2 FUNDAMENTAÇÃO TEÓRICA 23
2.1 O MOVIMENTO MAKER 23
2.1.4 Componentes do Movimento Maker 34
2.1.4.4 Comunidade: esferas de impacto do Movimento Maker 43
O Movimento Maker pode influenciar diversas esferas sociais, dependendo do enfoque que cada iniciativa seja tomada, ocasionando impactos distintos.
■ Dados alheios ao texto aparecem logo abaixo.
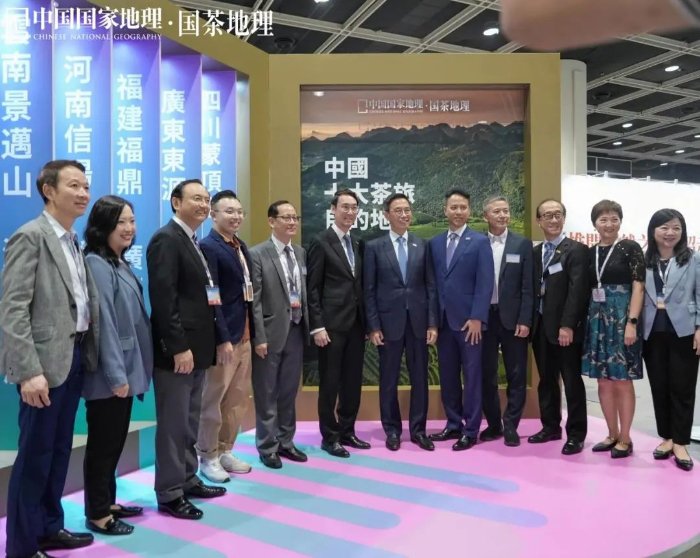 　　?香港文化体育及旅游局局长杨润雄、展览集团主席王学谱等参观“中国十大茶旅目的地”展区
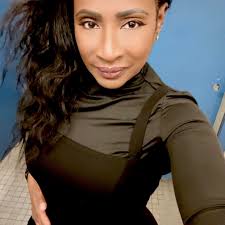 Serena Williams claps back at skin-bleaching accusations, proudly embracing  her natural beauty and shutting down the haters! 🖤🍦  https://bit.ly/3ZgLg3t #SerenaWilliams #ForTheRecord #IceCreamConvos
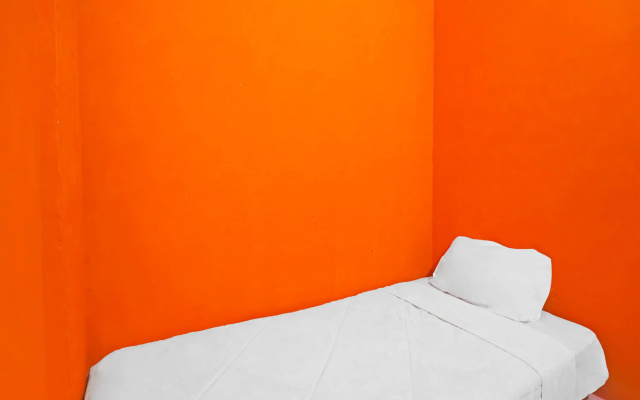 SPOT ON 92569 Anto Homestay SyariahNearPelabuhan Feri Harbor Bay – Guest Rooms – Batam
Nesse cenário, Mortara e Parisot (2016) dividem os impactos do movimento em três grupos: social (macro), empresarial (meso) e individual (micro) (Figura 5).
Figura 5 – Esferas de impacto do movimento
Fonte: baseado em MORTARA;; PARISOT, 2016.
O âmbito macro pode ser entendido pelo seu potencial de transformação da sociedade e o potencial de inovação, embasado na colaboração em um cenário mundial. Em um ambiento meso, compreende-se como a possibilidade do Movimento Maker influenciar o ambiente para incubação de ideias e negócios, com impacto direto nos pequenos negócios e no mercado. Já na compreensão micro, apresenta-se como uma atividade de aprimoramento de objetos para fins individuais e atividades de aperfeiçoamento pessoal, tendo esse cenário maior impacto em questões psicológicas individuais advindas do fazer.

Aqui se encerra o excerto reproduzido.